This dovetails into a comment that Ace made last year, during Obama and the MSM’s polling meltdown over the Ground Zero Mosque, that it’s possible to hold yourself out as part of the liberal elite, without having great wealth or power. All it takes is constantly holding contrary positions and an elitist worldview:
I was having a debate with steve_in_hb yesterday. Steve proffered his boring, conventional, dumb opinion that the supposed elites are drawn to this position because they are compelled to take a position that finds America to be the Great Satan at every turn.
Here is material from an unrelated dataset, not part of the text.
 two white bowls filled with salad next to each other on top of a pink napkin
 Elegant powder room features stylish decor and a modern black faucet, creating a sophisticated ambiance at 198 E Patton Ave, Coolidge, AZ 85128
I agreed with Steve’s stupid civilian poorly-thought-out opinion, but opined that I thought it wasn’t as simple as his low-functioning unenlightened moron-brain conceived it; my belief is that these people take a psychological comfort, a psychological delight, in taking positions that the majority of their fellow countrymen find repugnant, because this affords them what they really want: A method of differentiating themselves from the common and thereby elevating themselves to ranks of elite.
And note this is quite necessary: The “elite” are not made up of the rich. Sure, there are many rich in the elite, but that’s not what makes them elite. There are many poor “elite” who claim to be elite not due to their salary or position but due to thinking what the other elites think only.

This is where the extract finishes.